As far as pre-made foods go soups, stews, sauces, and cassaroles tend to freeze well. 

If you're making something that contains potatoes, add them when your going to eat it as they don't freeze well at all.  The same thing goes for delicate seafood like shrimp which will overcook when you reheat.  You may also want to add in fresh vegetables to frozen soups if you like crunchier veggies since they'll soften when thawed.

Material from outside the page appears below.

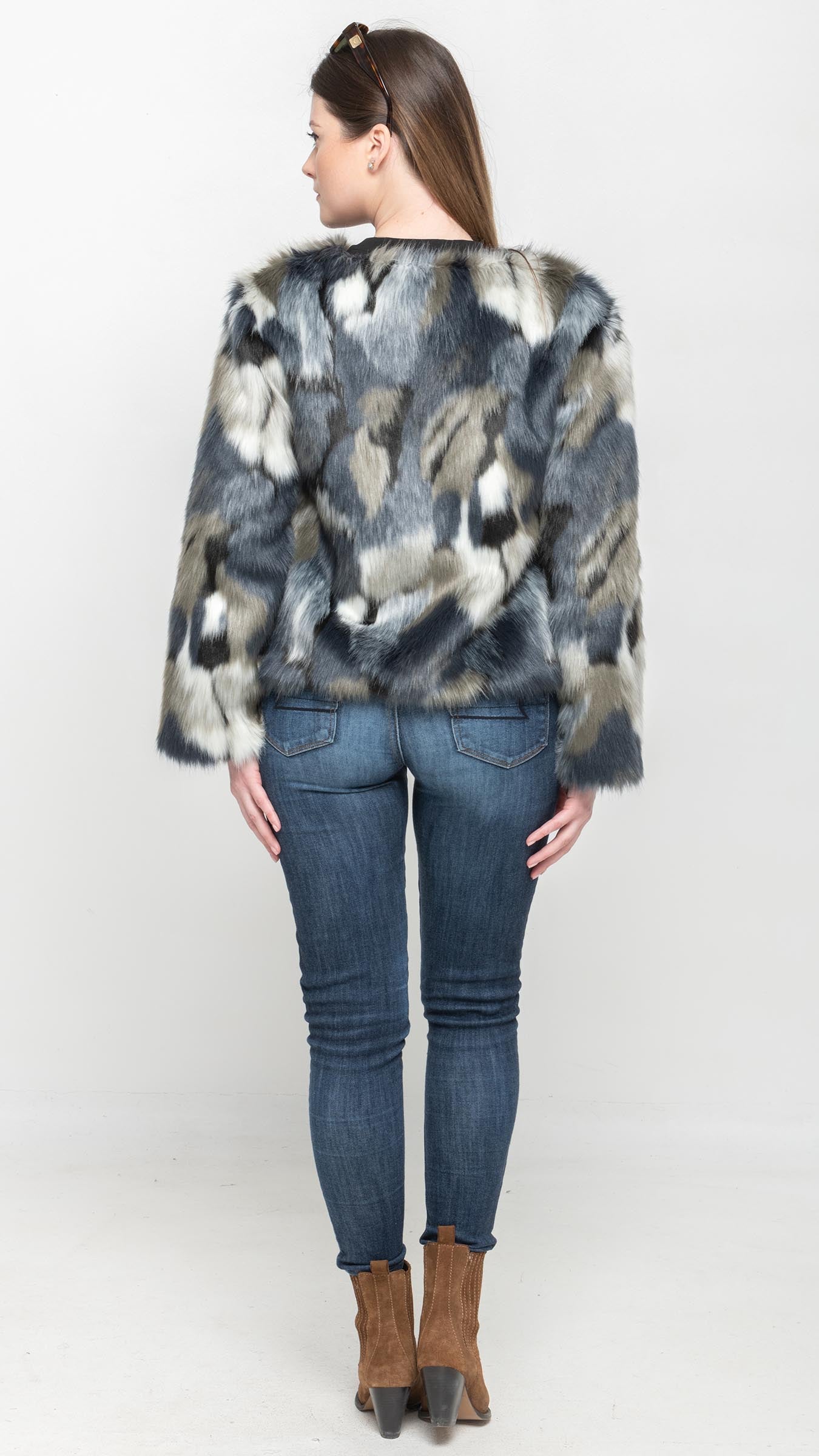 Faux Fur Coat in Navy Tie-Dye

We use those mini loaf pans (you can get throw-away ones, but I like the real ones for garbage reasons) to initially freeze the portions.  This produces frozen blocks that make storing easier.  Once they're frozen, we take them out of the pans and seal them up with a Food Saver. 

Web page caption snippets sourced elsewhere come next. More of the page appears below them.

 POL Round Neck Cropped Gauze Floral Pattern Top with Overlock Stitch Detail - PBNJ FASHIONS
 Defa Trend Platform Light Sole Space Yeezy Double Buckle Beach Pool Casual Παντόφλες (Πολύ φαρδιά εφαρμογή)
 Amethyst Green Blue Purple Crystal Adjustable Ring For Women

Here's what I've been making this week for freezing purposes.

Spaghetti sauce:  Onions, peppers, hamburger, fresh and canned tomatoes, and broccoli.  A batch tends to make up about 26 1 cup servings.  ~121 cal/4 total carbs. 

Lasagna:  2 servings spaghetti sauce, 2 noodles, 1 package of sliced portabellas, 1 cup of non-fat cottege cheese, and 4 ounces of low-fat mozerella.  4 servings (works out really well in the loaf pans).  It was 533 cal/33 carb but that was before I reworked things a bit.

Jambalya:  chicken broth, chicken, low-fat turkey kielbasa, stewed tomatoes, peppers, shrimp and onions.  Keep the shrimp frozen seperately and add it when you eat it or they get tough.  makes 8 servings.  305 cal/8 carb

Stuffed turkey meatloaf:  ground turkey, mushrooms, onions, spinach, onion soup mix, bread crumbs, egg, and mozerella.  4 servings.  283 cal/ 20 carbs

Omelettes:  eggs, peppers, mushrooms, 1 ounce of shredded cheddar, 1 ounce of lowfat mozerella, and sandwich ham (I also do this with spinach and chicken breast).  4 servings.  ~165 cal/12 carbs

If you interested in any of them, I'll flesh 'em out for you.

Meats can also be weighed out on a scale and frozen individually, but I wouldn't cook them first.

You would want to plan out what you're eating too.  Stuff stays good longer that in the refridgerator, but it'll still go bad if you  leave it too long.   

 

 

Those are some really good ideas. I usually cook huge pots of vegetable soups and chilis only to end up throwing half of the pot away after a few days. It would save a ton. Not to mention labeling the calorie content on packages.

I'm curious about preparing and freezing omelets? I've neer considered that one. It'd be a nice break from cereal and oatmeal.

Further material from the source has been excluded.